Adding a text processor to process entire documents?
terion-name opened this issue · comments
Hello
First of all service/translate
demo is outdated and doesn't work, it would be great to update it. But I refered to ingestor and figured out how to start a service.
class ServiceWorker(Worker):
def _analyze(self, dataset, task):
entity_ids = set(task.payload.get("entity_ids"))
analyzer = None
for entity in dataset.partials(entity_id=entity_ids):
log.info(entity)
print(entity)
return list(entity_ids)
def handle(self, task):
apply_task_context(task)
name = task.context.get("ftmstore", task.job.dataset.name)
dataset = get_dataset(name, task.stage.stage)
log.info(task.stage.stage)
log.info("PROC: %r", task.payload)
entity_ids = self._analyze(dataset, task)
payload = {"entity_ids": entity_ids}
self.dispatch_pipeline(task, payload)
But...
I've added it to pipeline: ALEPH_INGEST_PIPELINE=analyze:myproc
, and while logging what I get I see that my processor gets not entire documents but already processed parts from default analyzer.
For example I've uploaded an .eml
file and my processor does not receiving the entire email content, but some striped parts of it (not even all).
Moreover task.payload
contains array of 14 entity ids (for a single eml file), while for entity in dataset.partials(entity_id=entity_ids):
I get only 4 entries.
What I need is to receive entire extracted/pased text and image data from files to extract entities (ftm models) that default analyzer can not.
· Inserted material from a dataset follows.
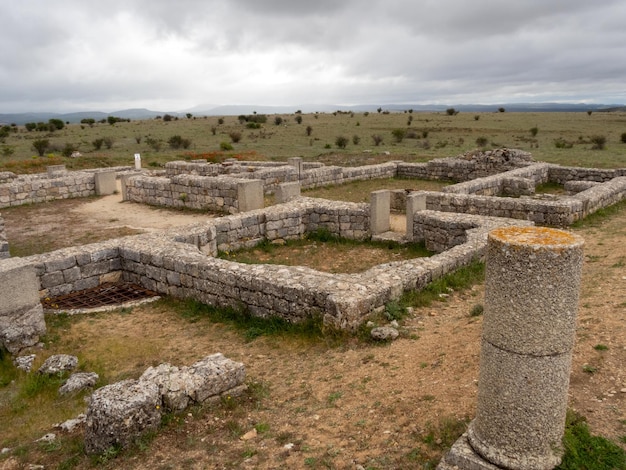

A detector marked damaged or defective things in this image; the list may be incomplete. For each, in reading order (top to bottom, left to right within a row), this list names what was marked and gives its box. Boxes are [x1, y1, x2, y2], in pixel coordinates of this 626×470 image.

rusty metal grate [41, 284, 158, 310]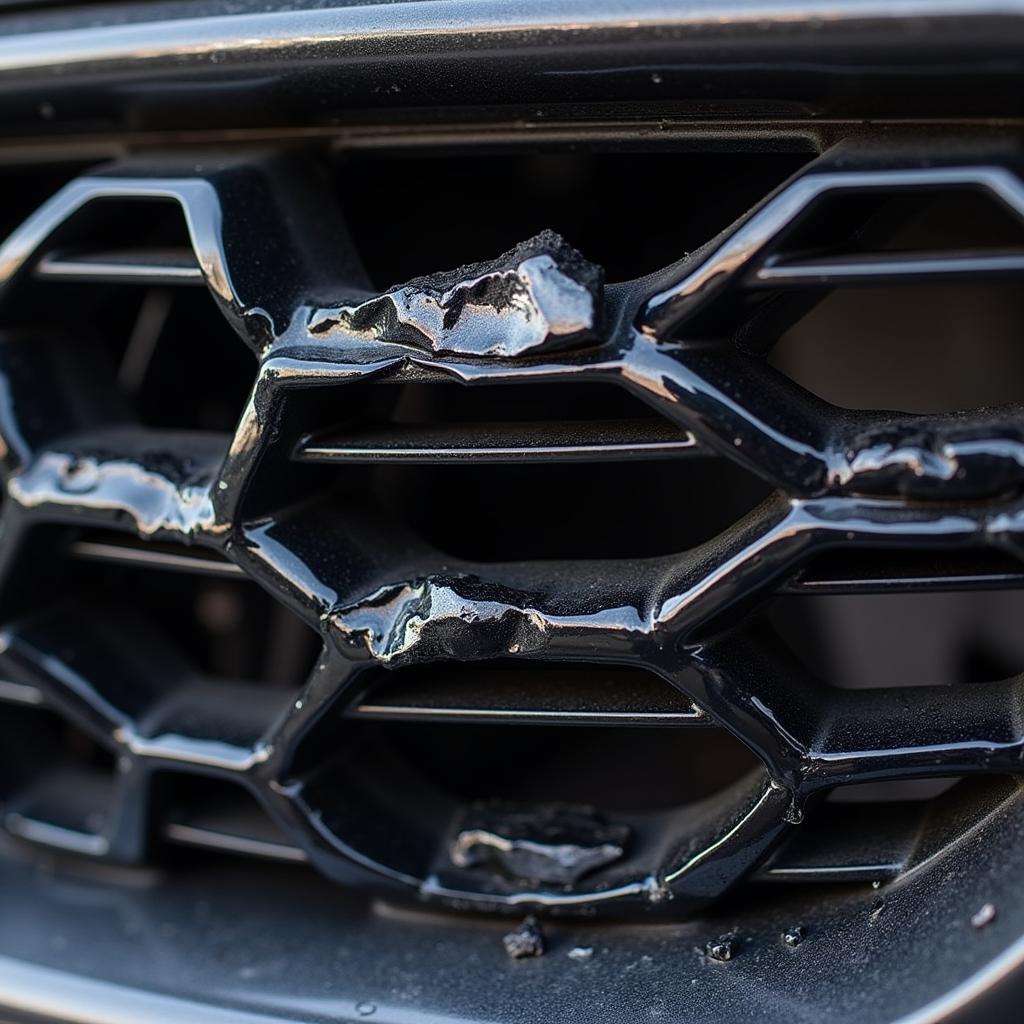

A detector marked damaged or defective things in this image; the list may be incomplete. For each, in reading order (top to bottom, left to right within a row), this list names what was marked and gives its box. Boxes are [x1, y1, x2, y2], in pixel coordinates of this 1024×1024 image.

E.g. if it an email – entire email text, if a pdf or word – entire document text.
How can this be done?
Hi @terion-name, when you upload a document, multiple different entities will be emitted in addition to the entity representing the email (for example entities representing the sender and recipient of the email).
You might want to test for the entity type to ensure that your custom processor handles Email
entities only. Something like this (untested):
def _analyze(self, dataset, task):
entity_ids = set(task.payload.get("entity_ids"))
for entity in dataset.partials(entity_id=entity_ids):
if not entity.schema.is_a("Email"):
continue
print(entity)
@tillprochaska thank you!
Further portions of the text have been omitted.